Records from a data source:
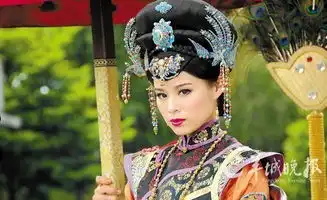 华裳争艳万凰之王后宫戏宣萱hold住场面
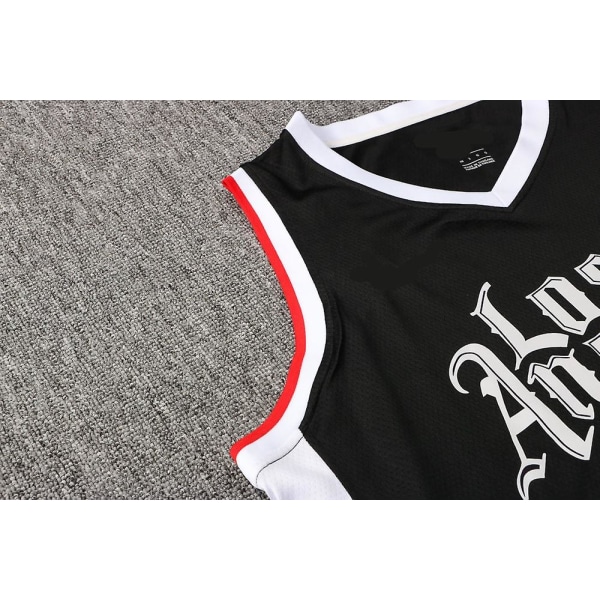 L073# Nba 22/23 Bulls Red No.11 ärmlös tröja set M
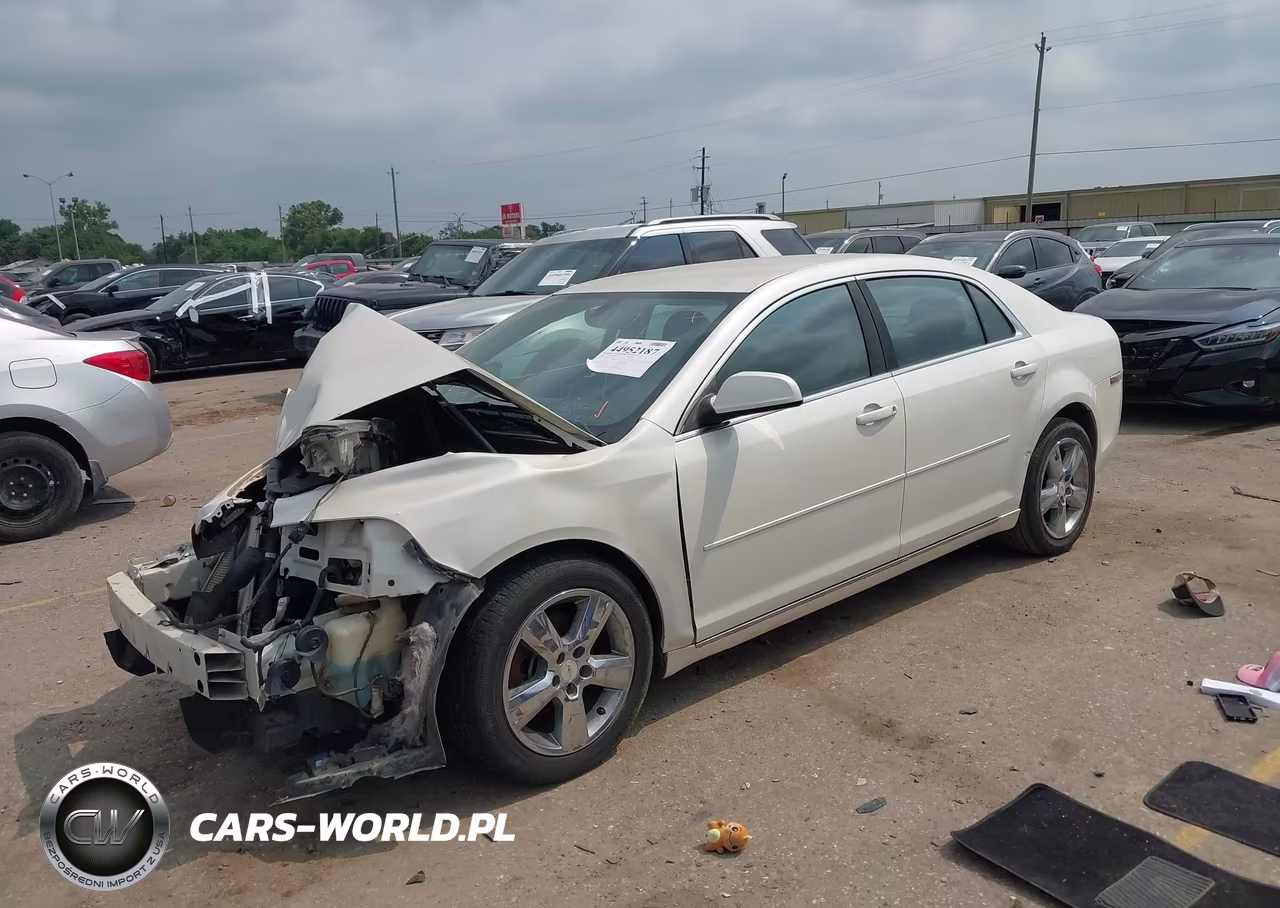 2011 Chevrolet Malibu 1Lt VIN:1G1ZC5E17BF211041 - 2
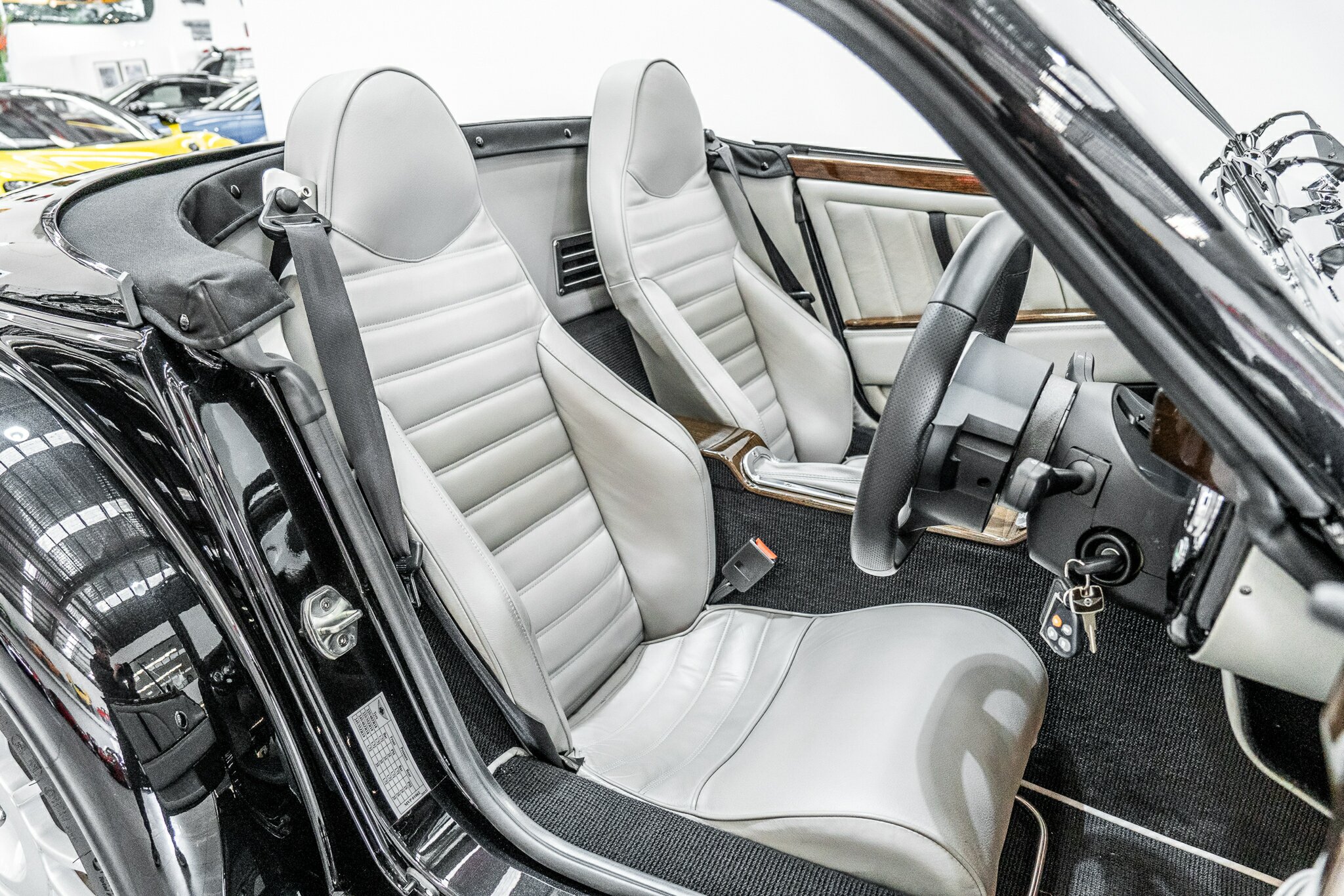 2018 MORGAN AERO 8 SERIES 5 6 SP MANUAL 2D ROADSTER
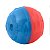 Brinquedo e Comedouro PetGames Pet Ball Azul e Vermelho - Imagem 1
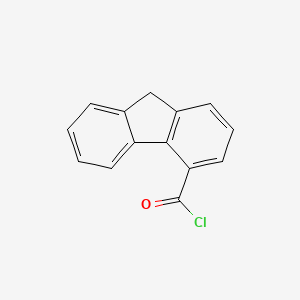 molecular formula C14H9ClO B1296574 9H-芴-4-甲酰氯 CAS No. 7315-93-7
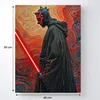 Malen nach Zahlen Star Wars Darth Maul Gemälde 40x50 cm Produktbild-Vorschau 3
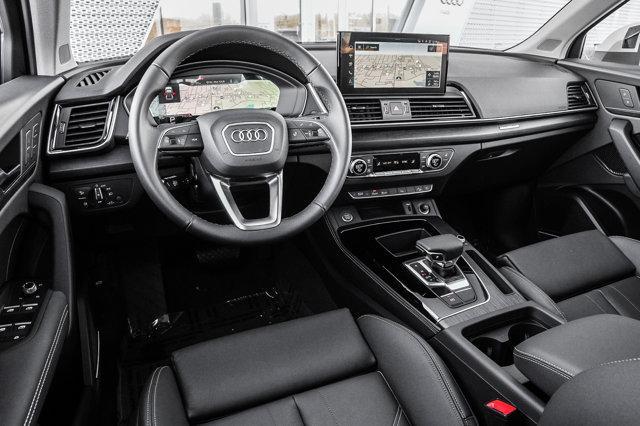 new 2025 Audi Q5 car, priced at $58,175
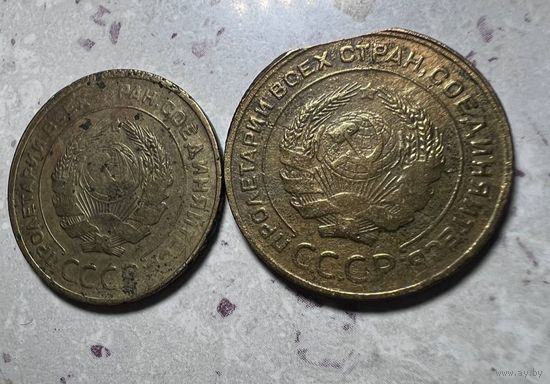 5 копеек СССР 1930 года. Брак.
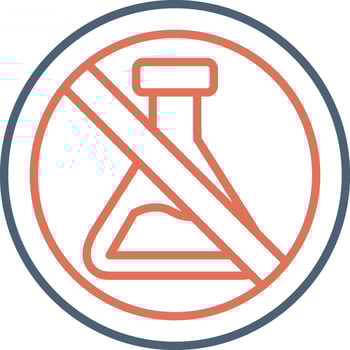No Chemical Vector Icon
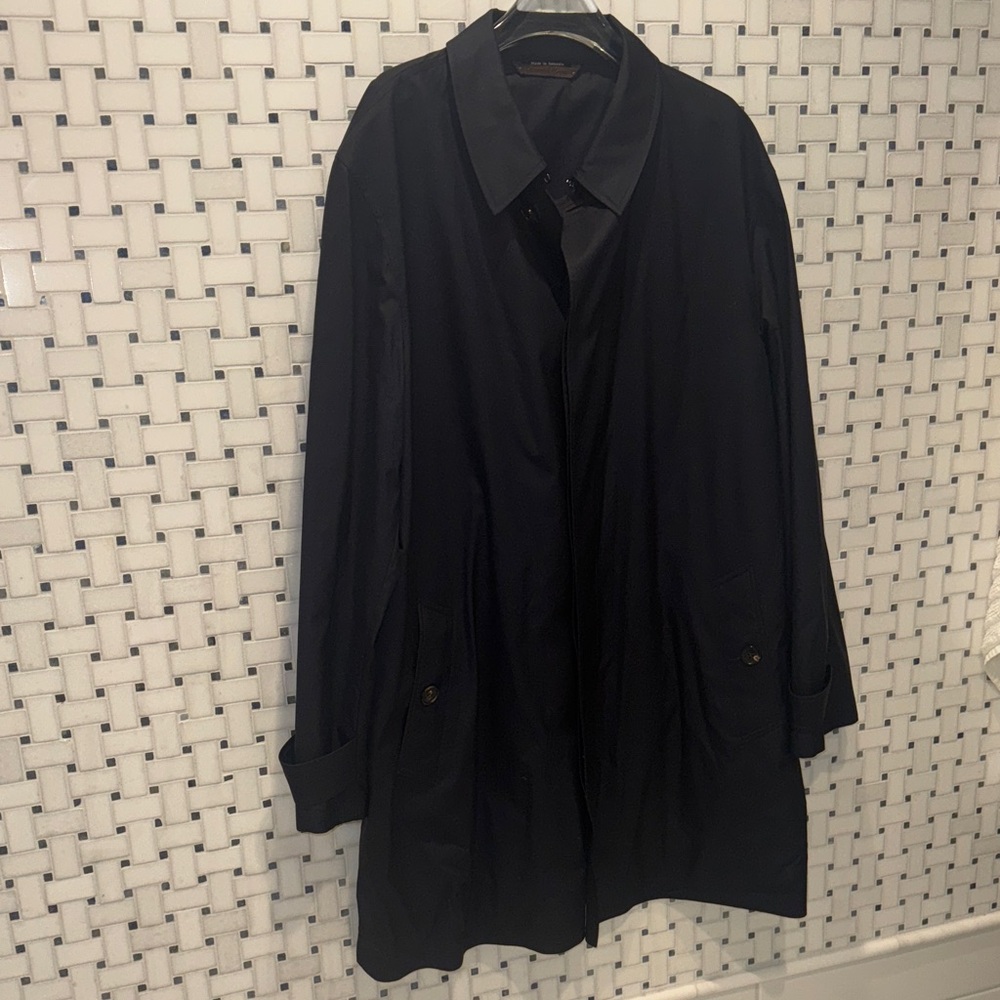 Ermenegildo Zegna black jacket
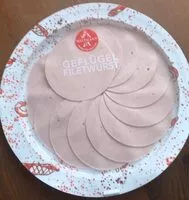 Mängden socker i Geflügel Filetwurst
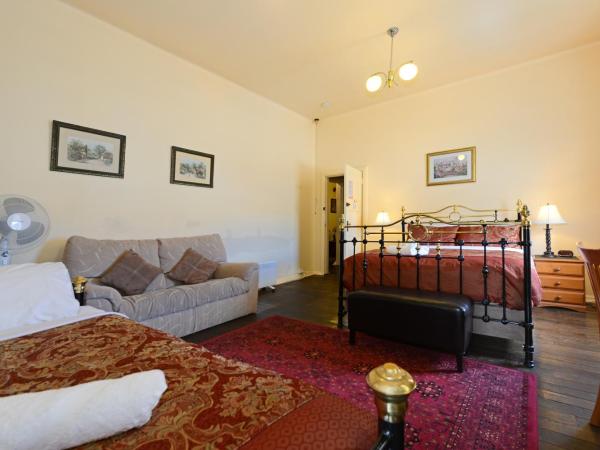 Edinburgh Gallery Bed & Breakfast : photo 1 de la chambre chambre double ou lits jumeaux exécutive avec salle de bains privée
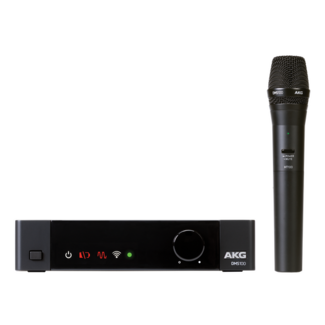 AKG DMS100 vocal set P5 digital wireless microfoon 2.4ghz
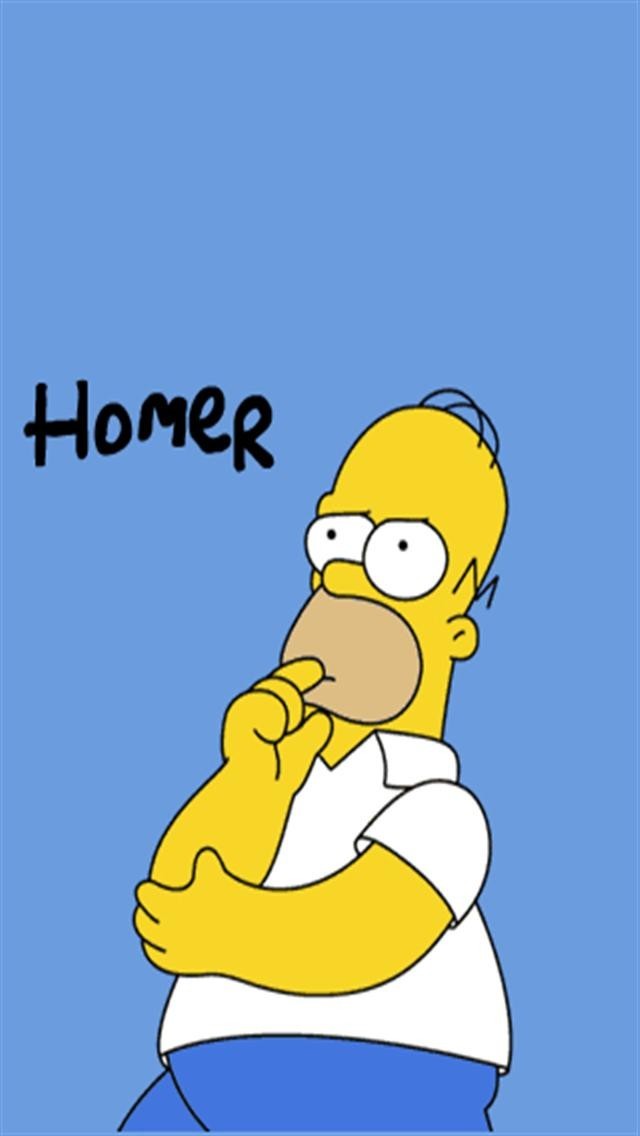 Wallpapers Do Homer Simpson Em 4k Para Pc E Celular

Task to carry out –
Return exactly the lines from the one containing "2018 MORGAN AERO" through the end of the records, leaving out every picture.

Answer box –
 2018 MORGAN AERO 8 SERIES 5 6 SP MANUAL 2D ROADSTER
 Brinquedo e Comedouro PetGames Pet Ball Azul e Vermelho - Imagem 1
 molecular formula C14H9ClO B1296574 9H-芴-4-甲酰氯 CAS No. 7315-93-7
 Malen nach Zahlen Star Wars Darth Maul Gemälde 40x50 cm Produktbild-Vorschau 3
 new 2025 Audi Q5 car, priced at $58,175
 5 копеек СССР 1930 года. Брак.
No Chemical Vector Icon
 Ermenegildo Zegna black jacket
 Mängden socker i Geflügel Filetwurst
 Edinburgh Gallery Bed & Breakfast : photo 1 de la chambre chambre double ou lits jumeaux exécutive avec salle de bains privée
 AKG DMS100 vocal set P5 digital wireless microfoon 2.4ghz
 Wallpapers Do Homer Simpson Em 4k Para Pc E Celular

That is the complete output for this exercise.